Apex’s lawyer responded that state law sets no deadline for the town to spend the fees.
“What they’re saying is you illegally charged us this fee, and we’re entitled to it back, and all of the class members are as well,” said Dan Hartzog. “The statute … doesn’t give us a time frame on which those fees must be spent.”

“Inherently, in parks and recreation planning, it takes some time to plan, purchase, develop a park,” Hartzog continued. “For the plaintiffs to come in here and say, ‘They have violated the statute and never had the authority to charge us in the first place,’ is a premature determination at this point because the money could be spent on a neighborhood park right near their subdivision.”
The trial judge committed multiple “errors of law” that should prompt the state Supreme Court to throw out the case’s class-action status, Hartzog argued.
Apex argued in a February brief that a state law permitted the town to charge the fee.
“To prove that a recreation fee-in-lieu paid as a condition of subdivision approval was unlawful, Plaintiff must show that the fee-in-lieu was beyond the scope of the enabling statute, which includes ‘implied powers … essential to the exercise of those which are expressly conferred,’” Apex’s lawyers wrote.

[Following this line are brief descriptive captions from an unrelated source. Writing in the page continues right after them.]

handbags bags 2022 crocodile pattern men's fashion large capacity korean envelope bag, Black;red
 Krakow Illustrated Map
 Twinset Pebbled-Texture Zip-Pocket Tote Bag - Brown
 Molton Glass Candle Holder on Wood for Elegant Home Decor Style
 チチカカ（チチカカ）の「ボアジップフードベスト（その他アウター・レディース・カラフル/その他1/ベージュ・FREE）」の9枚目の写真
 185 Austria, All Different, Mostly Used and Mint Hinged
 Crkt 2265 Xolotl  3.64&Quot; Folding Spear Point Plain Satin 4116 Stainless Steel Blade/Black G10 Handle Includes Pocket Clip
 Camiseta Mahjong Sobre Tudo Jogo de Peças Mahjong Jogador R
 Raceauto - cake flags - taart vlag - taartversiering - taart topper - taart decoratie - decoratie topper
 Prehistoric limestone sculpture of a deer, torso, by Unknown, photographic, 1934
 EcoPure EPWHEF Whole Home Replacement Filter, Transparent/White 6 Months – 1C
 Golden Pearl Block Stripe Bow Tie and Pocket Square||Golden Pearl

“It is undisputed that the enabling statute allows Apex to adopt a regulation that ‘… provide[s] for payment of funds to be used to acquire or develop recreation areas serving residents of the development or subdivision or more than one subdivision or development within the immediate area,’” Apex’s brief continued. “The statute contains only one express restriction on the use of the funds by cities: that they ‘shall be used only for the acquisition or development of recreation, park, or open space sites.’”
“Apex has additional authority by local act that allows the Town to ‘us[e] a formula based upon a charge per dwelling unit of the development or subdivision without reference to property tax value,’ so long as the ‘the collection, maintenance, and use of such funds are otherwise consistent with G.S. 160A-372’ and the fee-in-lieu does not ‘exceed the fair market value of the land area that would have otherwise been required to be dedicated,’” Apex’s lawyers wrote.
Beyond the specifics of Empire Contractors’ lawsuit, Apex argues that Superior Court Judge Gale Adams was wrong to conclude that this case could cover other developers.
“The impact of each development will differ based upon many factors, including the number and type of dwelling units, the resources already available in the area of Town where the development is located, or whether the development increases the population of an existing area of Town or extends its boundaries,” Apex’s lawyers wrote. “In another example, the amenities built into the development by the developer may have the potential to mitigate its impact. Analysis of the impact of the development will also require fact-specific discovery and proof for each putative class member. This inquiry is ad hoc and fact- intensive. It is not susceptible to common proof, and the trial court erred in finding that it was a common issue of law or fact shared among the class.”
“There is a common nucleus of operative facts among all class members that underlie each of these issues,” Adams wrote in the order granting the lawsuit class-action status. “Plaintiff’s claim is typical of all other class members as it relates to the general theories of liability set forth in the common issues. The Court concludes that a ‘class’ exists in this action and that common issues of law and fact predominate over any individual issues.”